Good point husky, but with the water still in the high 30's, the smallies are still going to be real lethargic. I would give it a few weeks before we see them HOG smalls. But I am looking forward to hookin into one of those. I'm going on sat morning around 6am. I may be able to hit it up again on sunday.


----------



## jiggineyes (Feb 19, 2005)

the new River Rat said:


> New to the forum, I'm hitting the Clinton tommorrow at Yates and new to steelhead fishing got a few ideas from friends and family but any advice would be greatly appreciated.
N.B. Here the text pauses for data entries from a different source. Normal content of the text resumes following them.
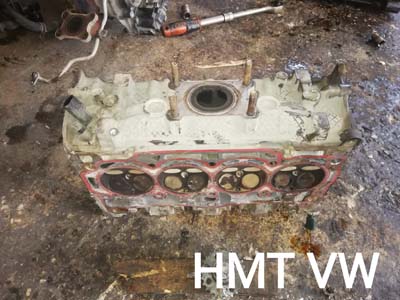 Tiguan çıkma silindir kapak 1 2 tsi 1 4 tsi CZC CZD motor uyumlu parça numarası 04E10344AE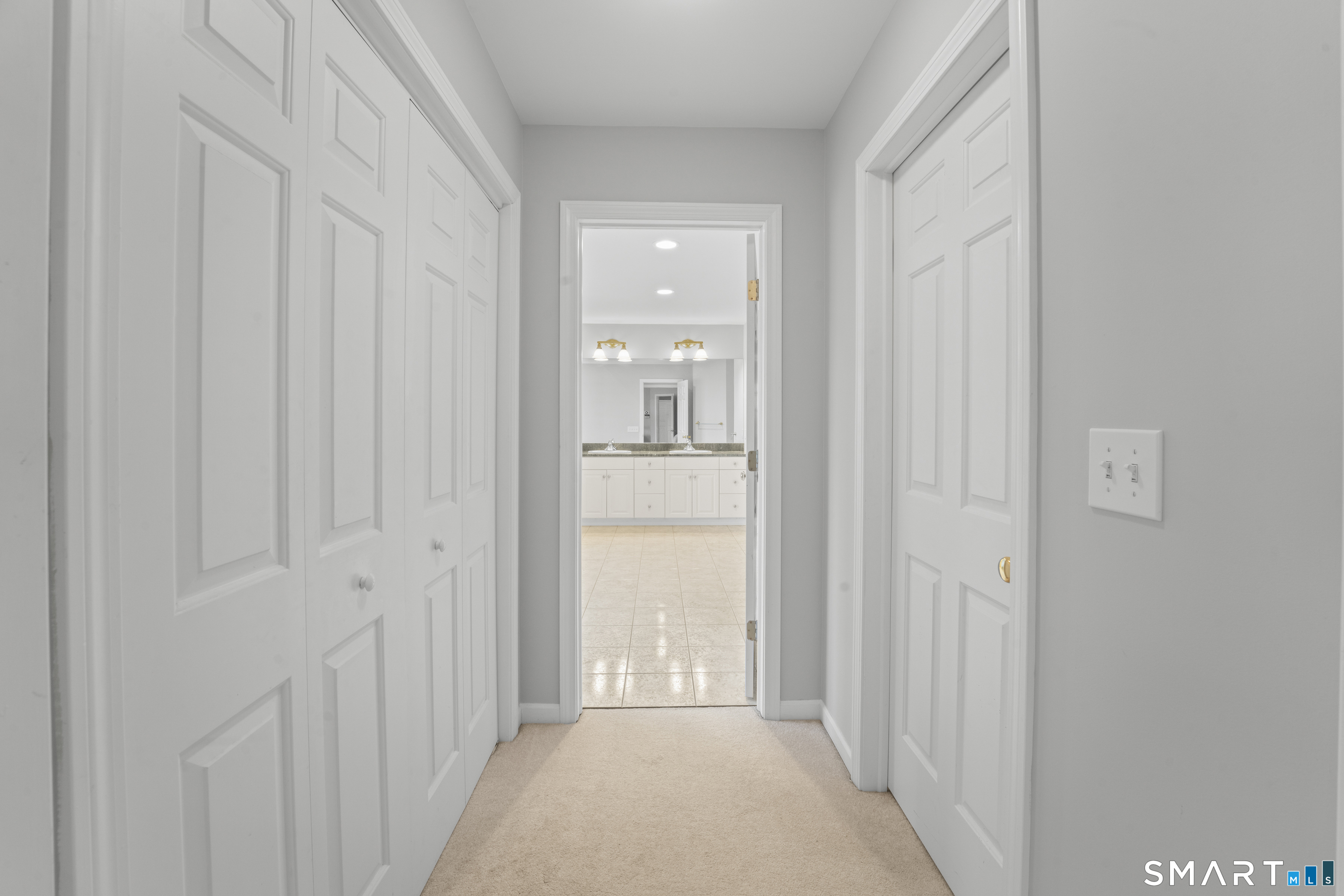 15 Wedgewood Court photo 26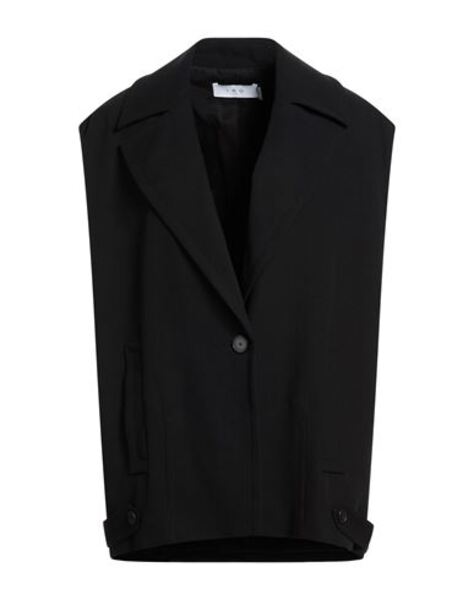 Iro - Trajes Y Conjuntos - Americanas - On Yoox.com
Welcome to the site! Yates can hold fish below the dam but it will be VERY crowded. If you arent there by sunup you wont get a spot. There is a small run that happens on the clinton and not fast and furious by any means. As long as your there for fishing and not catching youll have a good time. You do have a chance to catch a steel and a very good chance at catching some suckers. Ive been fishing the clinton for over 10 yrs. I fish it probably 10 times a spring and usually catch 3 or 4 a year. 
Use a slip bobber some split shot and a small jig with waxies. Or use spawn sacs on the same set up. You can also cast spinners and small crankbaits which will target active fish. You can get suckers on spawn too. 
Ill be down there Sunday. good luck!


----------



## Burksee (Jan 15, 2003)

the new River Rat said:


> New to the forum, I'm hitting the Clinton tommorrow at Yates and new to steelhead fishing got a few ideas from friends and family but any advice would be greatly appreciated.


Best advise I can give you is to watch, listen and learn. You can pick up tons by doing a little "people watching".


----------



## Huron River Dan (Apr 16, 2001)

To the site. 

Dan


----------



## Scott117102 (Jan 27, 2005)

Welcome to M-S :Welcome:


----------